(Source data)
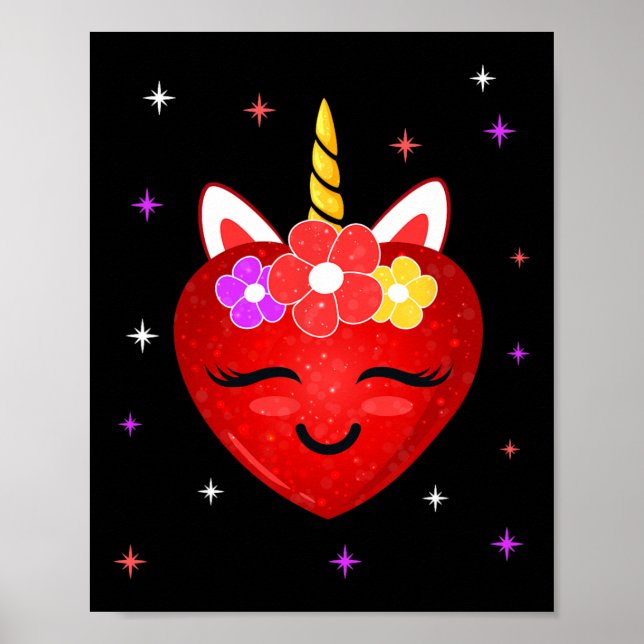 Cute Unicorn Heart Valentines day Girls Kids Poster (Framsidan)
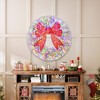 36" Prelit Snow-Flocked Christmas Wreath with 3D Bow and 140 LED Lights, 11 Modes, Remote Control - 2 of 4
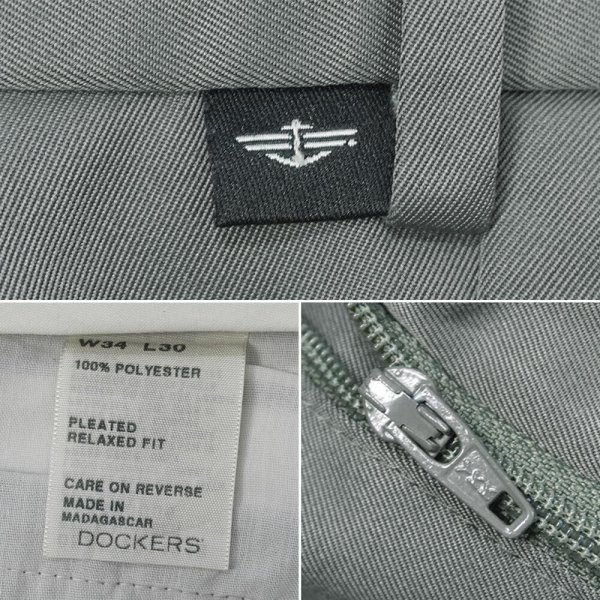 画像3: 00's DOCKERS 2タック ポリエステルトラウザー "OLIVE / W34 L30" (3)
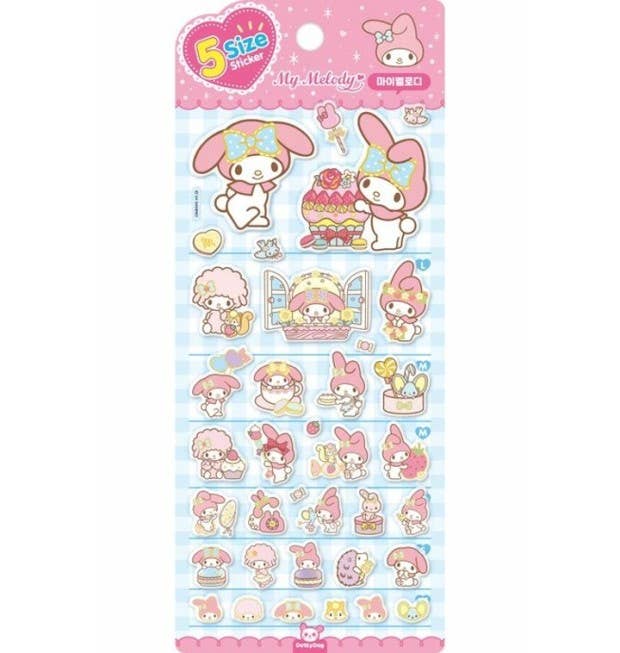 Sanrio Characters 5 Sizes Jelly Coating Stickers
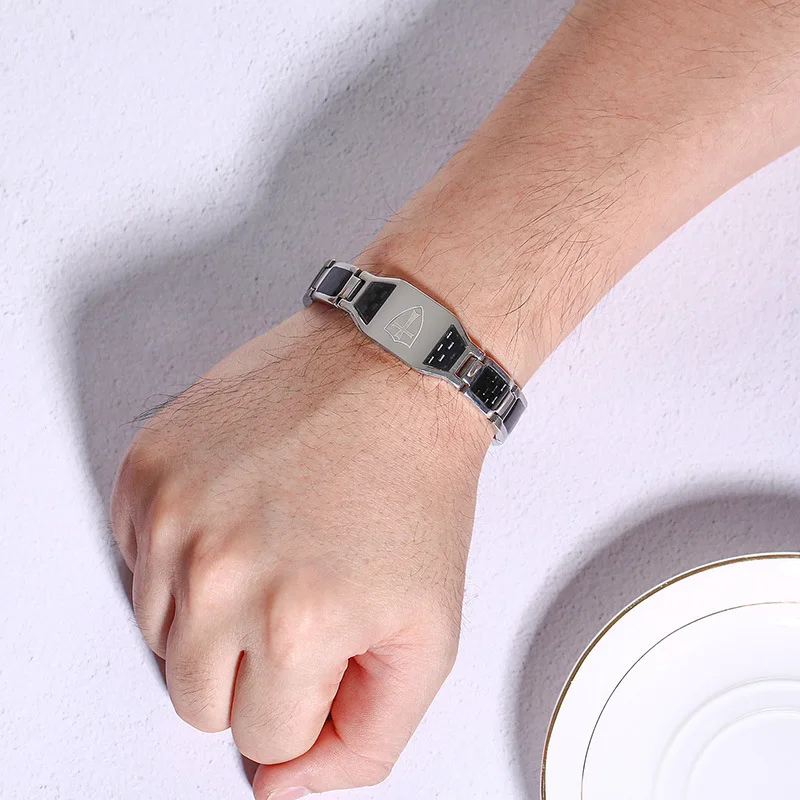 Carbon Fiber Magnetic Bracelet for Men Knights Templar Shield Cross Stainless Steel Bio Energy Therapy Male Pulseira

> **WORK TASK**
Leaving pictures out, output the lines of the data above from the one with "Control - 2 of 4" through the one with "Sanrio Characters 5", word for word.

> **ANSWER BOX**
 36" Prelit Snow-Flocked Christmas Wreath with 3D Bow and 140 LED Lights, 11 Modes, Remote Control - 2 of 4
 画像3: 00's DOCKERS 2タック ポリエステルトラウザー "OLIVE / W34 L30" (3)
 Sanrio Characters 5 Sizes Jelly Coating Stickers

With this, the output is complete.